He has already shared it in the earlier post... Exactly what more are you looking for?


----------



## Darrenldn (Nov 30, 2015)

andreyx108b said:


> Suppose to be this Friday mate, you will receive an invite after midnight on Friday (Aus time).


Excellent


----------



## bhavna1990 (Oct 20, 2015)

gnt said:


> Simeono34 said:
> 
> 
> > No, my occupation is Agricultural Engineer.
> ...


Hi Gnt, 

How do you say a Nov 6 DOE will get invited in March? There is currently a little less than 2 month time gap. I reckon it would be first round of January. Can you please tell me how you calculated March.


----------



## Kumar8081 (Sep 6, 2015)

Thanks a lot. I have received my wife ACS today and am about to update my EOI to 65 points today. Hoping to receive invite in Dec.:fingerscrossed:


dhijaj said:


> Yes with 65s you can get invite asap
> 
> 
> Sent from my iPhone using Tapatalk


----------



## KeeDa (Sep 1, 2014)

prash1980 said:


> HiKeeda,
> 
> Can you please send me link for invitation roundss?
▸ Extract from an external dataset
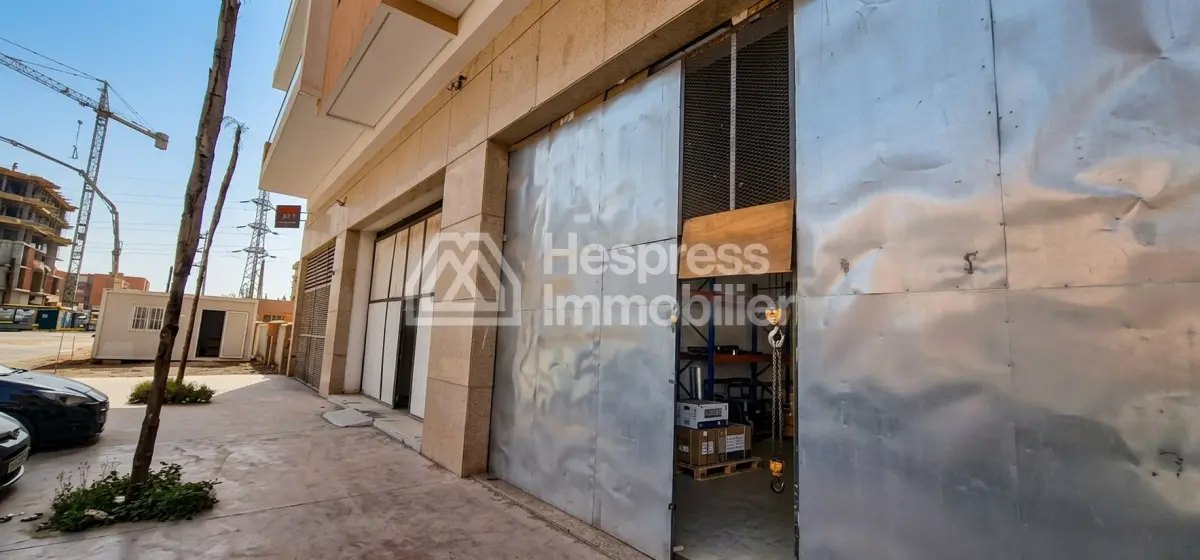 Rent the ideal premises at Gueliz . Area 242 m²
They changed it to https://www.border.gov.au/Busi/Empl/skillselect


----------



## rajivtechno (Jan 4, 2014)

nasti said:


> her points breakdown is as below :
> 
> age 30
> language 0
> ...



Does she have Australian experience ?


----------



## aspiring_aussie (Nov 11, 2015)

Can any one help!!
I have applied for NSW state sponsorship and still awaiting approval but wanted to get my PCC sorted in the mean time...
I got my PCC for UK but when I am trying to get it from India (Gurgaon) the say I need to submit a request from embassy for PCC...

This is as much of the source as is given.